SAN FRANCISCO - With Samuel Waksal practically peering over his shoulder (and Martha Stewart tidying up the tables), industry heavyweight Amgen Inc. Chairman and CEO Kevin Sharer took on some tough issues from the headlines during a luncheon speech here at the JPMorgan Healthcare Conference.

There's "no issue of more importance" than corporate ethics, Sharer told the packed Grand Ballroom of the Westin St. Francis Hotel.

"This has been pointed out to us by business periodicals [asking], Where are the CEOs of the major companies? Why don't you speak?' [CNN commentator] Lou Dobbs, somebody I respect, has said again and again, You guys are silent. Why are you hiding?' I don't want to hide."

Sharer did not mention by name the insider trading scandal involving New York-based ImClone Systems Inc., which led to the resignation and eventual imprisonment of Waksal and the indictment of domestic maven Stewart. But he didn't have to. "I'm not going to talk about biotechnology," he said - but everybody knew he was, at least in part.

So many "inexcusable" incidents involving companies in various industries have taken place, Sharer said, "that we can't stand up here as a business community and face our fellow citizens and say, It doesn't affect me, it was a small matter, [an] aberration, boys will be boys, these things happen.' That's bullshit."

He said that "in a moral sense - this isn't a legal sense; that's a lot more nuanced and complex - but in a moral sense, if something goes wrong at a company, it is the CEO's fault. I accept that personally."

Sharer, CEO of Thousand Oaks, Calif.-based Amgen since May 2000, noted that CEOs have jobs of high reward and privilege and said that "there are responsibilities that go with that. I don't think all of the people who have my job have come out and said that loud and clear."

To help head off trouble, he urged a "prime ministerial" rather than a presidential model for CEOs in relation to their boards.

"In a presidential model, the president is all powerful [and likely to say], Yeah, we got some cabinet members and they come and go, and I can't even remember their names,'" he said, making a reference to former President Ronald Reagan that drew a laugh from the crowd.

The board should be clearly positioned as the boss of the CEO, Sharer said, but also should be advisory.

"They're kind of in it with me," he said. "They're not there presumptively to catch me when I do something wrong," and individually might be mentors.

"I try to get on the board of directors people who are ahead of me in life, not just in age or maybe not even in age, but people whose life accomplishments put them in a place where they can really advise me," Sharer said.

"You need a strong leadership team who has the courage to overrule and go around the CEO," he added, conceding that "that might seem like a fanciful, crazy notion" to his audience.

Loyalty should be to "higher principles" instead of the CEO, if the choice must be made, Sharer said.

"I cannot believe at those companies - you know the list - where things obviously went grievously wrong" that the leaders "didn't, in a morally indefensible way, know what was going on and should have blown the whistle."

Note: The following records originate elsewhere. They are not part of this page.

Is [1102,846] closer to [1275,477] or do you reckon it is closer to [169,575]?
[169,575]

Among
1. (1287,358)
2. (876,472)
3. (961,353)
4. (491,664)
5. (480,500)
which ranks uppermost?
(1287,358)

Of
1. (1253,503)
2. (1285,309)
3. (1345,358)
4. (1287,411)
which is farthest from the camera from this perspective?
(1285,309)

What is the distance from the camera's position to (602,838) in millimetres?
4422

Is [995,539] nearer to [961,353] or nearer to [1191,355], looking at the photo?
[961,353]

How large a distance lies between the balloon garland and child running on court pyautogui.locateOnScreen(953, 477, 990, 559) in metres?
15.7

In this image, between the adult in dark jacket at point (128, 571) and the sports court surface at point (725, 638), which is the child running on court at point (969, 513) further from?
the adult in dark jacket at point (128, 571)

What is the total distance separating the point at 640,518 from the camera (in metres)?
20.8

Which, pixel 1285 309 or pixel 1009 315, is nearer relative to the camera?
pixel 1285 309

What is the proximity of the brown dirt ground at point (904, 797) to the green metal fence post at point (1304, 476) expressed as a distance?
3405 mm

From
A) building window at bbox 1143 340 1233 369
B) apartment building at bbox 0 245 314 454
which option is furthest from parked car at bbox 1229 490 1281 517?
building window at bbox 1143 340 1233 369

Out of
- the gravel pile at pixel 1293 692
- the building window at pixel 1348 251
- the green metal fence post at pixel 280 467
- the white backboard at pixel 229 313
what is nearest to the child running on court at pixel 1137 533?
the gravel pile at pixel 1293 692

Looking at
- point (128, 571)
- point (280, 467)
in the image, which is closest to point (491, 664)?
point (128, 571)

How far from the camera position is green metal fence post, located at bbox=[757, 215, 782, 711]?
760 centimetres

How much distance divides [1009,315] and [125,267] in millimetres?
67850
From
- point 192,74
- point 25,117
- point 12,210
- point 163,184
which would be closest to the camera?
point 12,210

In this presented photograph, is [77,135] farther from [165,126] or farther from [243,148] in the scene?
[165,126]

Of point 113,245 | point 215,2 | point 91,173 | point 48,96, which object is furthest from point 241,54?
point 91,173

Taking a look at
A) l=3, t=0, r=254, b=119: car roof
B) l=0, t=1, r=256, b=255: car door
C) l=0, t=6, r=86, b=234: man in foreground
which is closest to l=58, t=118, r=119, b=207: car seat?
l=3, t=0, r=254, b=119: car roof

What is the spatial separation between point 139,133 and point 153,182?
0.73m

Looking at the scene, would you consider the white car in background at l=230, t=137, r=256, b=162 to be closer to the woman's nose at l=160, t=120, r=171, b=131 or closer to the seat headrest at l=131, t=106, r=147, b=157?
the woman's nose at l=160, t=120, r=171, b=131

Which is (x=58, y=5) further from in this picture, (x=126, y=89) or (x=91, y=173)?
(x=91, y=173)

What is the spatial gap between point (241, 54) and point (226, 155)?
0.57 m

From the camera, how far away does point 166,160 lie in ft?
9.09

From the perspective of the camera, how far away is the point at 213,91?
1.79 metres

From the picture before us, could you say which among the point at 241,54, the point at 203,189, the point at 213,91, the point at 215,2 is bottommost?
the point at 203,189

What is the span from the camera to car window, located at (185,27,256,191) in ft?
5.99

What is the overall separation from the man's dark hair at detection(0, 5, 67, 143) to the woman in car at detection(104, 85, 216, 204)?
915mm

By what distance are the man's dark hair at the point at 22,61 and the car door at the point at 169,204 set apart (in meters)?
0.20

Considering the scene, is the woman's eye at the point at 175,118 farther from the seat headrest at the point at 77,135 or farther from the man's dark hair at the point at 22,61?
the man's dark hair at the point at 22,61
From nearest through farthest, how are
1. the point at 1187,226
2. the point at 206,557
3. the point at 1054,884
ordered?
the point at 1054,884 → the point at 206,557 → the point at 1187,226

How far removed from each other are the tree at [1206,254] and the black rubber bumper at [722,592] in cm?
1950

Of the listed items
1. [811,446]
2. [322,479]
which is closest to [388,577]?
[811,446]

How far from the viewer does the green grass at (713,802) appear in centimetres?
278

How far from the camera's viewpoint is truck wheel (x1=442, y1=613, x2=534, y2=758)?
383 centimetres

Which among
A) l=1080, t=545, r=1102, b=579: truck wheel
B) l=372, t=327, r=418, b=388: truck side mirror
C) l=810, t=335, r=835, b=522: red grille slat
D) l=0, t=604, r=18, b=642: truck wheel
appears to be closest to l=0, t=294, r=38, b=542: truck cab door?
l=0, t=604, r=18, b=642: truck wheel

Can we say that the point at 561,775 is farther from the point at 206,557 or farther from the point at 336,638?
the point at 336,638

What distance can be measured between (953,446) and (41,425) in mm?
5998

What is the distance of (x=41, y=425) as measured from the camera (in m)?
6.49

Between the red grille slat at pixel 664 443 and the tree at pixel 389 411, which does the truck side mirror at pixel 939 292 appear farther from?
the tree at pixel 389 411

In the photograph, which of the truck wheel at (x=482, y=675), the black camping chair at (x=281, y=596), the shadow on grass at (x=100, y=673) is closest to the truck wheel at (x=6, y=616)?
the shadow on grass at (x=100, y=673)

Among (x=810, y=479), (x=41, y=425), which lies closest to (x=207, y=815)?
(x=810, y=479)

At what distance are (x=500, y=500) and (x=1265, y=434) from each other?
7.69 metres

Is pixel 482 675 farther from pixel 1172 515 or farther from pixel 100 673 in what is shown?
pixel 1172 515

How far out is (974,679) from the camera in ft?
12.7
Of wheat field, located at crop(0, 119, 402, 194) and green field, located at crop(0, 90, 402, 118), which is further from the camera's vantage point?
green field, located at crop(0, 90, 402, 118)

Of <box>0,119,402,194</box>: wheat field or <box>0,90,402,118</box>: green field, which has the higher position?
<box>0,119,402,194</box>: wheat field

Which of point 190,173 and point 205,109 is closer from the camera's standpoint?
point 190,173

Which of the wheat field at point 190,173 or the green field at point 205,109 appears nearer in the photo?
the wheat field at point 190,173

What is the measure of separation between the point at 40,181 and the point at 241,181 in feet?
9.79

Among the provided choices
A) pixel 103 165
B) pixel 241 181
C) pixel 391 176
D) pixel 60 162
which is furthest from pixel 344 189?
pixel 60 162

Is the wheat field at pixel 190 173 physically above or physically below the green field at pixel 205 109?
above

As the four-day conference goes on, attendees of the annual financial meeting, regarded by many as an industry barometer, might have been more interested in the nitty-gritty of making deals and finding new sources of cash for drug development than in high philosophical perspectives. Surging through the hallways of the hotel were scores of suited people on their ways to meetings, cell phones clamped to their heads.

But ideas were floating. During a panel discussion Tuesday, Roger Longman, publisher of In Vivo magazine, offered an eyebrow-raising proposal that licensing and business development are more important in biotechnology today than research and development.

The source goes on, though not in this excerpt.